The severity of car accident injuries sustained during a collision can vary based on many different factors.
The speed at which each vehicle is travelling, the angle and location of impact and how quickly aid is rendered can all be critical.
Another variable is the relative size of the vehicles. When a small vehicle like a passenger car is involved in an accident with a bigger one, such as a truck or a bus, those in the car can often come away with more serious injuries.
This is simply down to the forces involved and the differences in the protection provided by a large and a small chassis.
A recent nationwide operation to crack down on unsafe drivers and operators of heavy vehicles has seen over 30,000 motorists stopped by NSW Police over a four-week period.
Operation Austrans took place between May 20 and June 16, with officers across Australia and New Zealand targeting dangerous behaviour such as speeding, as well as driver fatigue and vehicle standards.
It is an annual undertaking aimed at promoting and ensuring the safety of heavy vehicles on the road, and that of all other vehicles by extension.
Assistant commissioner John Hartley of the Traffic and Highway Command said that during this year's operations inspectors intercepted more than 1,000 vehicles a day in NSW, including articulated, rigid and B-double trucks, road trains, coaches and buses.
As a result, 305 drivers were caught speeding; 72 were found to be unlicensed, suspended or disqualified; 167 infringements were served for occupants not wearing seat belts; and 209 unregistered trucks were identified.
There were a further 172 vehicles found to have improperly restrained loads.

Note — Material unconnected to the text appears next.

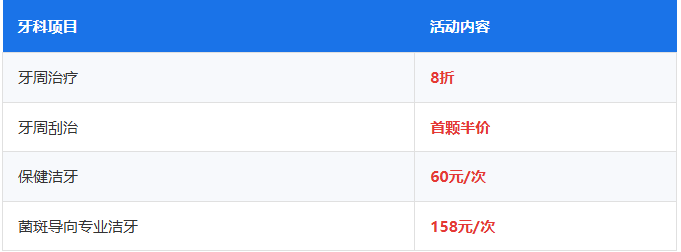 深圳牙周治疗边间好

"These results are proof our efforts to create safer practices within the heavy vehicle industry through enforcement and education are having an impact," said Mr Hartley in a July 3 statement.
And while those figures represent the negative side of the equation, there was also much to be encouraged about.

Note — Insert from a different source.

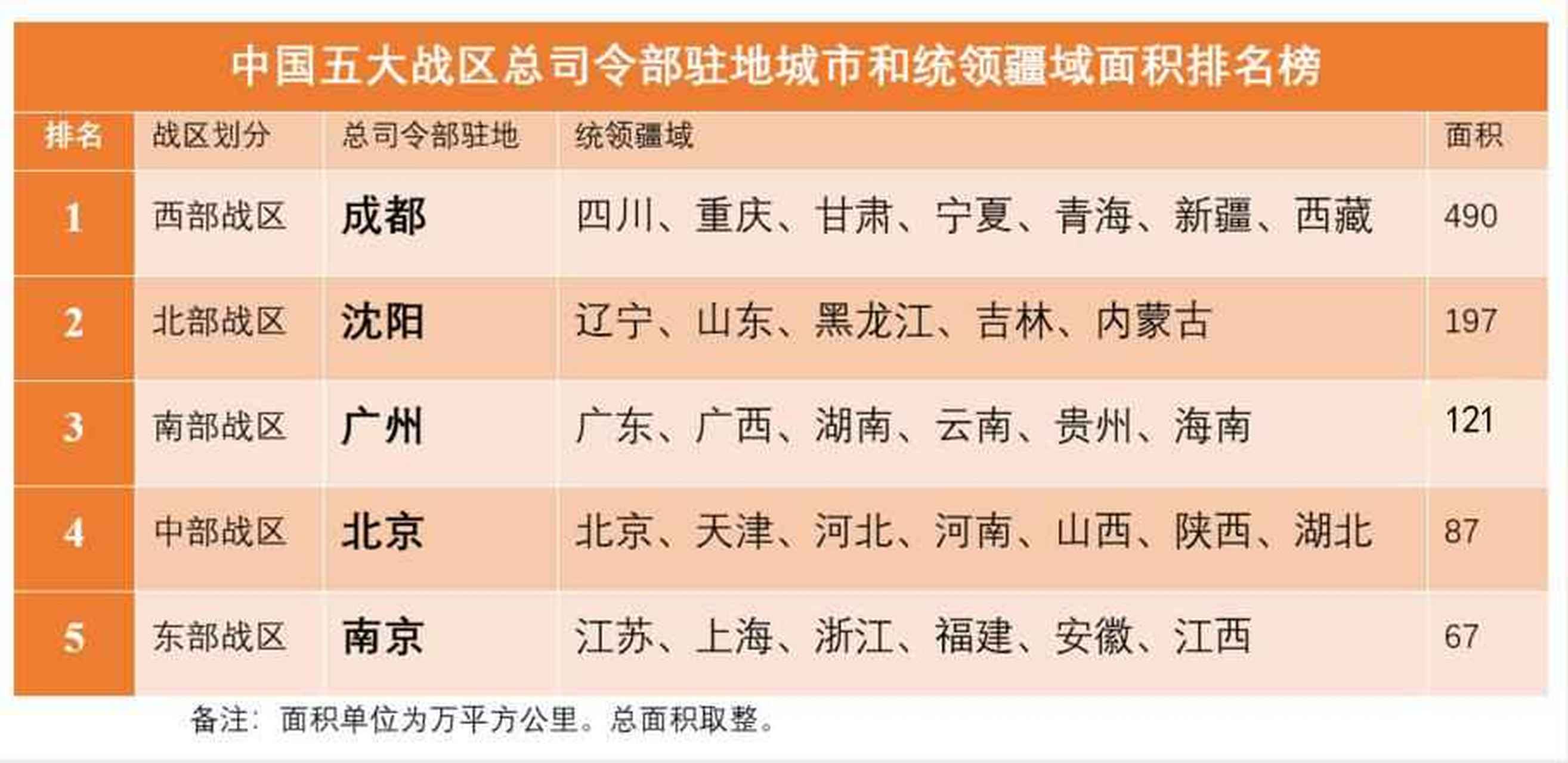 战略地位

Roads and Maritime Services director of Customer and Compliance Peter Wells pointed out that despite 8,000 more trucks being stopped and checked this year, the number found to be exceeding their mass limit (512) was down from 2012 (551).
There has also been a 48 per cent decrease in heavy vehicle fatalities to date in 2013, compared to the same period last year.
"RMS will follow up on all compliance breaches to ensure Austrans and other operations carried out during the year continue to improve safety for heavy vehicle drivers and all road users," said Mr Wells.